For any Hermitian matrix T,

z* T z is real and is >= 0. The * denotes conjugate transpose.

I understand that if any of the eigenvalues of T are equal to zero, then T is positive semi-definite (z* T z >= 0).

What I don't get is why T is positive definite (z* T z > 0) iff all of it's eigen values are > 0; even if all eigenvalues are > 0, couldn't there still be a z which leads to semi-definiteness?

Thanks.

2. ## Re: Positive-definite Hermitian matrix

No, since $\displaystyle T$ is Hermitian it is diagonalizable, and if $\displaystyle z^*Tz=0$ then $\displaystyle z=0$.

3. ## Re: Positive-definite Hermitian matrix

Thanks.

Could you please relate the diagonalizability to the part that if z* T z = 0 then z = 0?
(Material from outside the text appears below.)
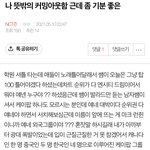 [NCT즌] 나 이글 쓰니인데 왕뿌듯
4. ## Re: Positive-definite Hermitian matrix

We can write $\displaystyle T=P^*DP$ where $\displaystyle P$ is unitary and $\displaystyle D$ diagonal, containing the eigenvalues of $\displaystyle T$. If $\displaystyle z^*Tz=0$ then $\displaystyle (Pz)^*T(Pz)=0$, but writing $\displaystyle v=Pz$ we have $\displaystyle v^*Tv\geq \min_{1\leq j\leq d}\lambda_j\lVert v\rVert$ so $\displaystyle v=0$ and $\displaystyle z=0$.